Adiabatic shear band, a narrow region with highly localized plastic deformation, frequently appears in metallic materials subjected to dynamic loading events, such as ballistic impact, machining, and high-speed deformation processing [1], [2], [3], [4], [5], [6], [7]. Scientists have great interest in this phenomenon due to the extreme thermo-mechanical history and the complex ultrafine microstructure in the shear localization regions.

The shear band is one of the most important deformation and failure mechanisms and often occurs in a very short time. Therefore, it is quite helpful to examine the residual structure within shear band to deduce the possible evolution mechanism. Meyers et al. [8], [9], Andrade et al. [10] and Yang et al. [11] have studied the microstructure within shear bands using transmission electron microscopy in 304 L stainless steel, Ta, copper and pure Ti, respectively. Fine microstructure within shear bands has been reported in these materials subjected to different loading conditions. These TEM examinations have yielded extensive information about the process of adiabatic shearing localization.

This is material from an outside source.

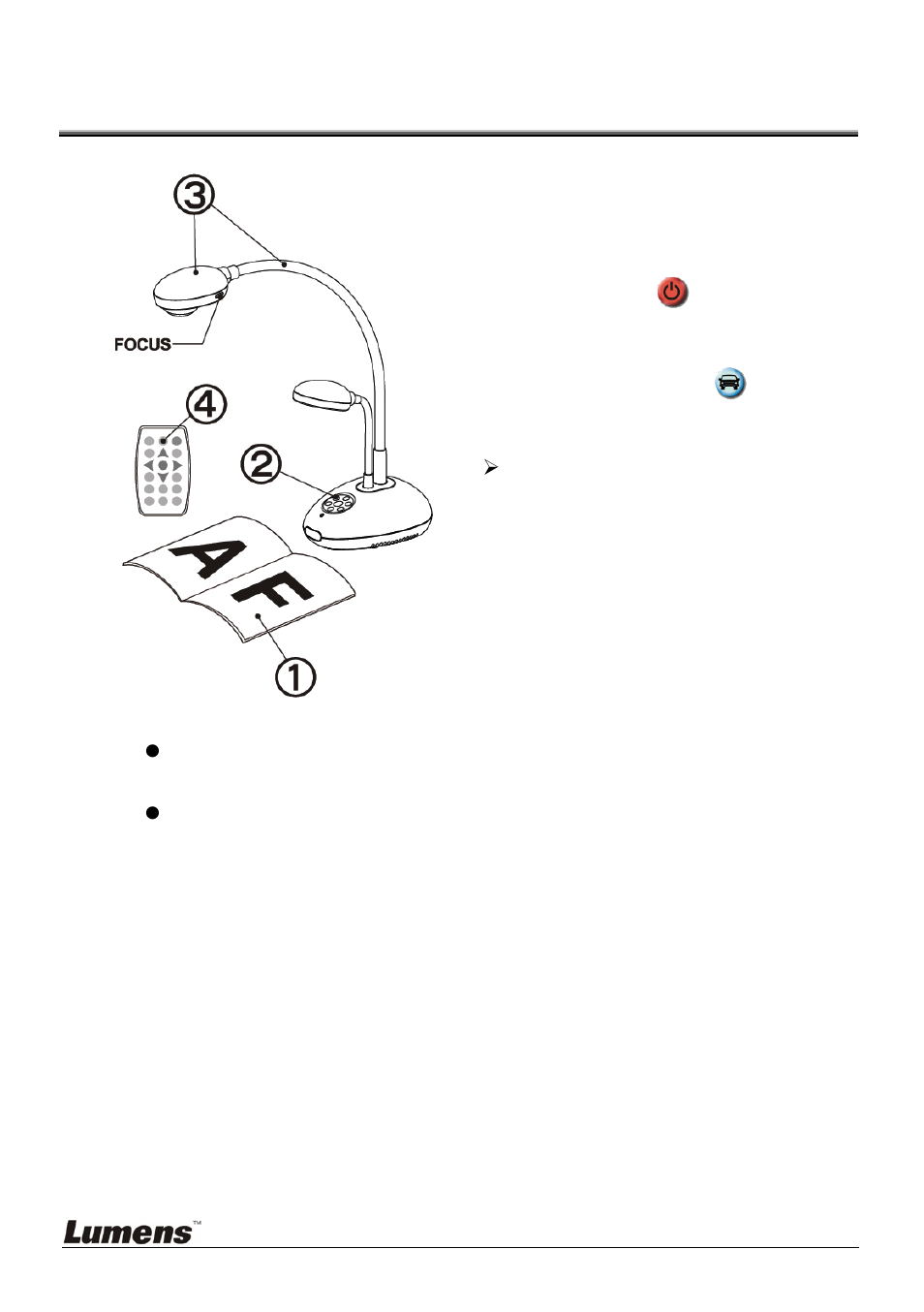 Chapter 5, Start using, Chapter 5 start using | Lumens Technology DC166 User Manual | Page 16 / 36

The study on deformation history is mainly by calculating the mechanical response data during the formation of shear band. Some excellent articles by Hine and Vecchio [12] and Shih et al. [13] are available. However, there are few reports about this aspect in Ti alloys, especially in the beta phase Ti alloys.

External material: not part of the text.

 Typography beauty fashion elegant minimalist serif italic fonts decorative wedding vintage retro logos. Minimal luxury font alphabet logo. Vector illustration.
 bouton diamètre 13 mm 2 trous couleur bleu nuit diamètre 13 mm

ASBs are easily produced in titanium and its alloys due to the properties of low heat conductivity and high adiabatic shearing sensitivity. Therefore, the localized shear deformation of Ti alloys has been studied extensively in recent years [14], [15], [16]. Now it is widely considered that the fine equiaxed subgrains in the ASB are formed by dynamic recovery and continuous dynamic recrystallization [17], [18]. In addition, some articles have reported the observation of the phase transformation within the ASB in Ti alloys [19], [20], [21].

Ti-1300 titanium alloy used in this article is a near beta-Ti alloy that is developed by China. This alloy has great forgeability and high hardenability, and optimum matching of plasticity and ductility under 1300 MPa condition. There are some studies on the mechanical property of this alloy under static condition. However, little work on the microstructure changes under dynamic loading was investigated. This would limit its application in aerospace engineering.

The purpose of this study is to present and discuss the microstructural characterization and evolution mechanism of the ASB produced during SHPB in this alloy.